Eric Hissom as Cyrano.Ah, that Cyrano. What a charmer. Too bad about the nose.
Thus goes the conflict at the center of Folger’s updated take on the classic Cyrano de Bergerac story. Director Aaron Posner’s Cyrano comes with a new, contemporary translation and a magnetic leading man in Eric Hissom, a boastful and proud man that can live up to his own ego, whether he’s killing 100 men in one drunken brawl, or composing impromptu poetry with barely a moment of thought. He just can’t get the woman he loves, Roxane (a ravishing Brenda Withers), to look past his most distinctive appendage (his nose; get your mind out of the gutter) — or at least, he’s too afraid to try. Instead, he’ll do the dirty work for Christian, a man whose physique has gotten her attention (Bobby Moreno), writing love letters to Roxane on his linguistically clumsy rival’s behalf.
Michael Hollinger’s translation of the French classic has a casual feel to it — it’s conversational, moving forward through snappy prose rather than poetry, and draws laghs whether Cyrano’s launching into a pun-laced stream of self mockery or convincing Roxane’s portly nursemaid (Todd Scofield, in drag and having a ball) to wolf down some pastries and give her charge some privacy.

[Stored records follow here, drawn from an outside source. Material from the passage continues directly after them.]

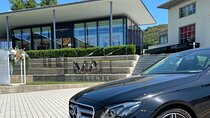 Private Day with English Speaking Chauffeur at Florence Outlet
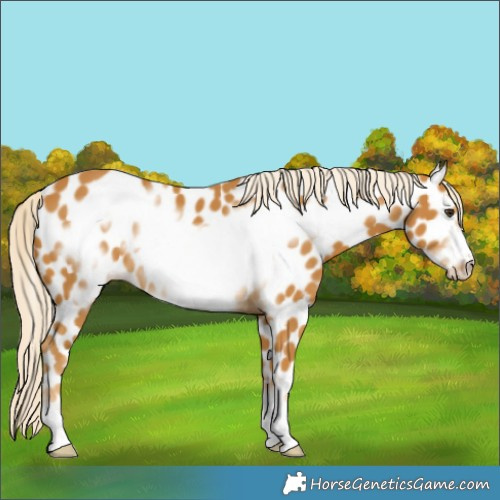 Horse Color:Palomino Frame Appaloosa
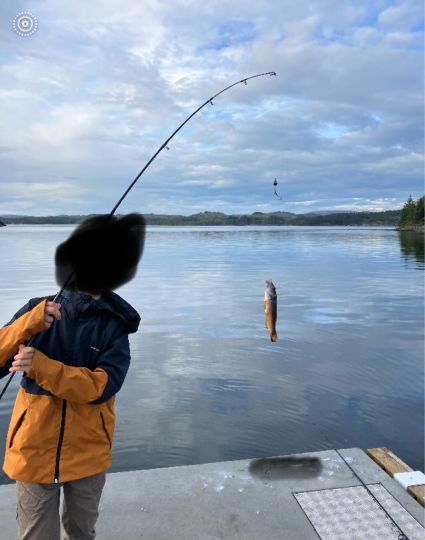 Lippfisch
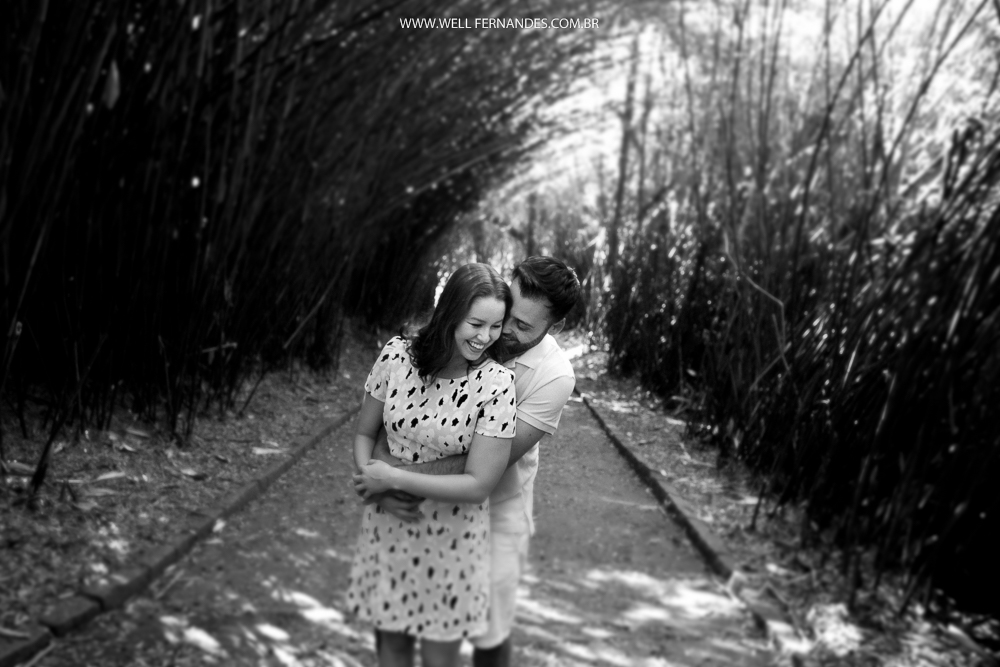 Noiva e noivo se abraçando em meio ao bambuzal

The staging has a nice energy — Cyrano’s 100-man face off, with the use of dramatic lighting and slicing sound effects, has a pulse-quickening theatricality to it. The play’s strangest quirk is a hasty, flash-forward ending that moves the characters from the heat of war to more than a decade later, when age has rendered them feeble and filled with regret. Despite the jolting transition, the final resolution between Cyrano and the woman he loves is heartfelt and tragically moving.
The most unconvincing thing about Folger’s Cyrano may, in fact, be its central conflict. As the title character, Hissom is so charismatic, dashing, romantic and virile (he sings, too), that it’s hard to imagine he has all that much trouble with the ladies, disfigurement aside. But without that suspension of disbelief, we wouldn’t get the chance to spend the evening with these characters, and that would be the real tragedy.
Cyrano runs through June 5 at Folger Shakespeare Library. Tickets are available online.